[[ Supplied material open ]]

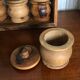 Spice shelf and olive wood pots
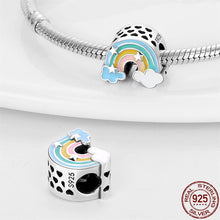 Load image into Gallery viewer, 925 Sterling Silver Rainbow Bead Charm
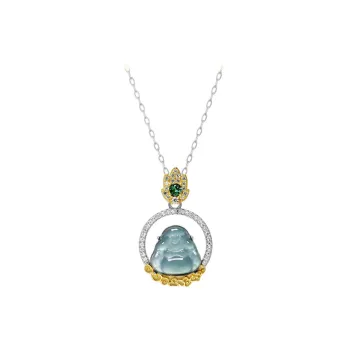 Royal Dragon Mirror Ice Glutinous Necklaces Women's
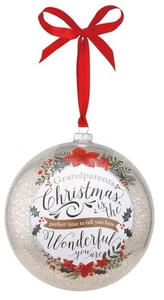 DEMDACO Jumbo MUNDGEBLASEN QUECKSILBER GLAS Weihnachtsschmuck GROSSELTERN - Bild 1 von 8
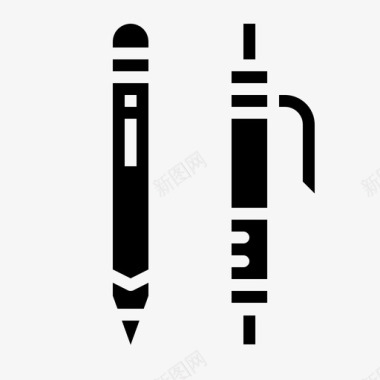 人在写字铅笔办公室学校图标图标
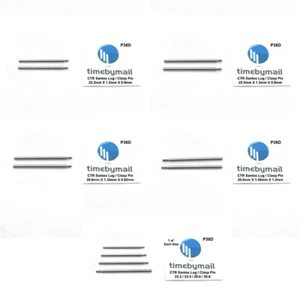 For CARTIER SANTOS 2X Watch Strap LUG & CLASP Screw Pins 316L Stainless NEW Part - Picture 1 of 10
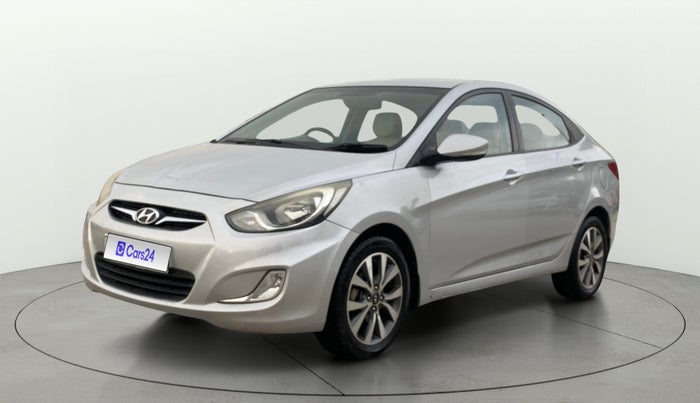 2013 Hyundai Verna FLUIDIC 1.6 CRDI SX, Diesel, Manual, 96,358 km, Left Front Diagonal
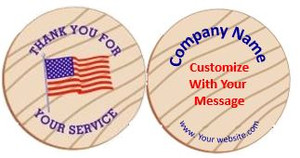 Thank a Vet Wooden Nickel Thank a Vet Wooden Nickel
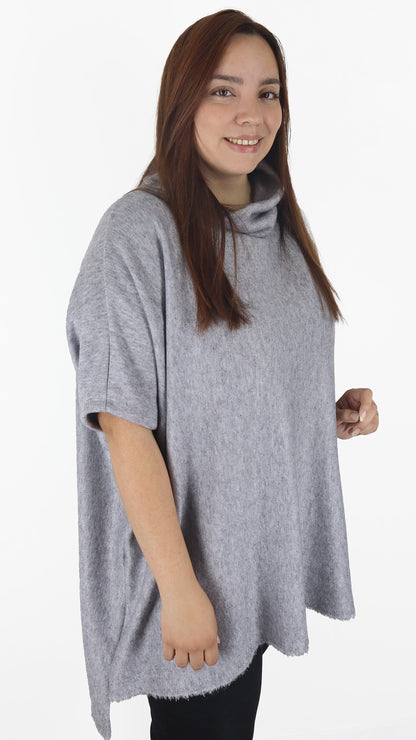 Sueter Poncho Extra Ancho Fay Lanilla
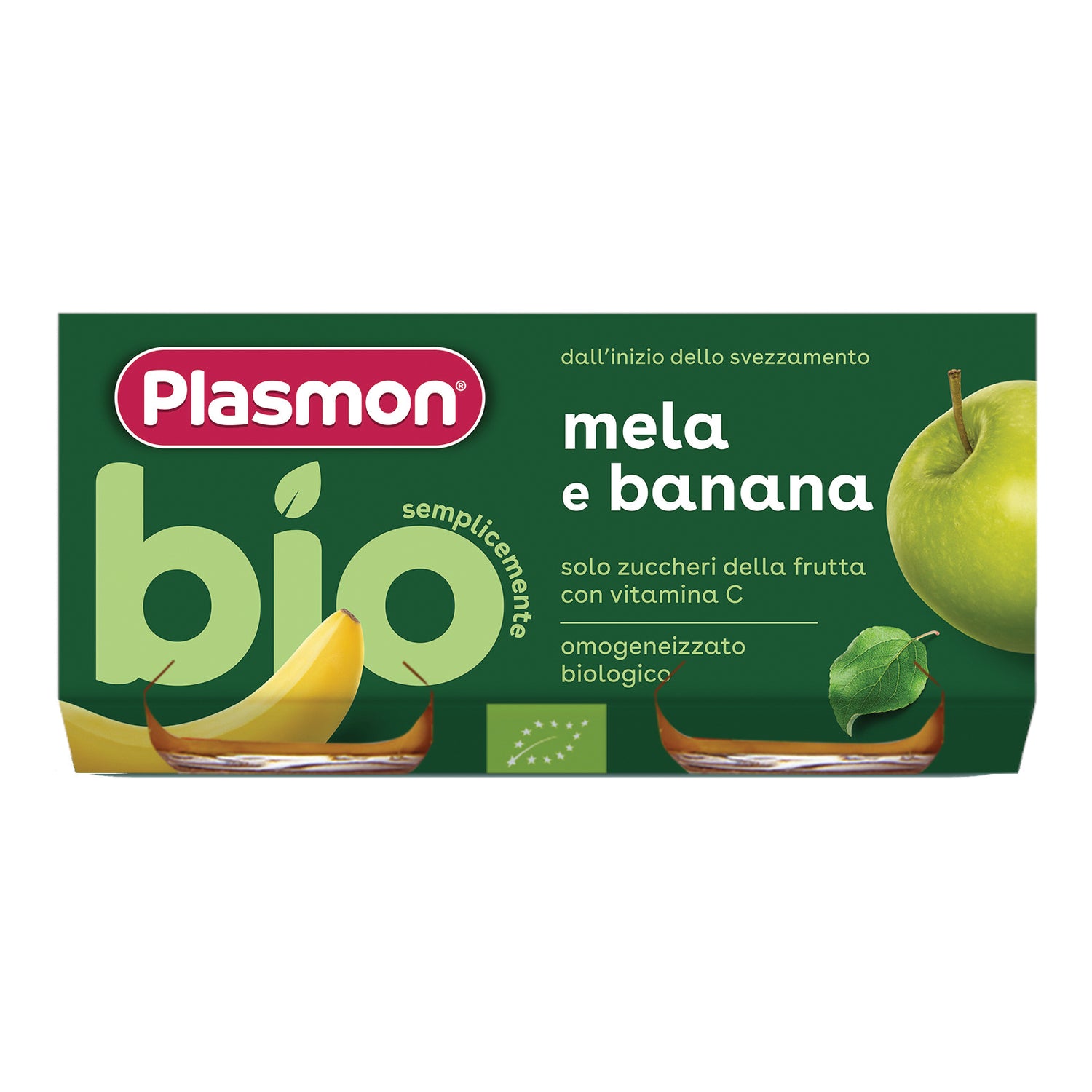 PLASMON OMOG BANANA MELA BIO2P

[[ Supplied material closed ]]

- [Work instructions] Where the line containing "2013 Hyundai Verna" appears above, start there and set down each line exactly through the last line of the data; leave out every picture.

- [Output below]
 2013 Hyundai Verna FLUIDIC 1.6 CRDI SX, Diesel, Manual, 96,358 km, Left Front Diagonal
 Thank a Vet Wooden Nickel Thank a Vet Wooden Nickel
 Sueter Poncho Extra Ancho Fay Lanilla
 PLASMON OMOG BANANA MELA BIO2P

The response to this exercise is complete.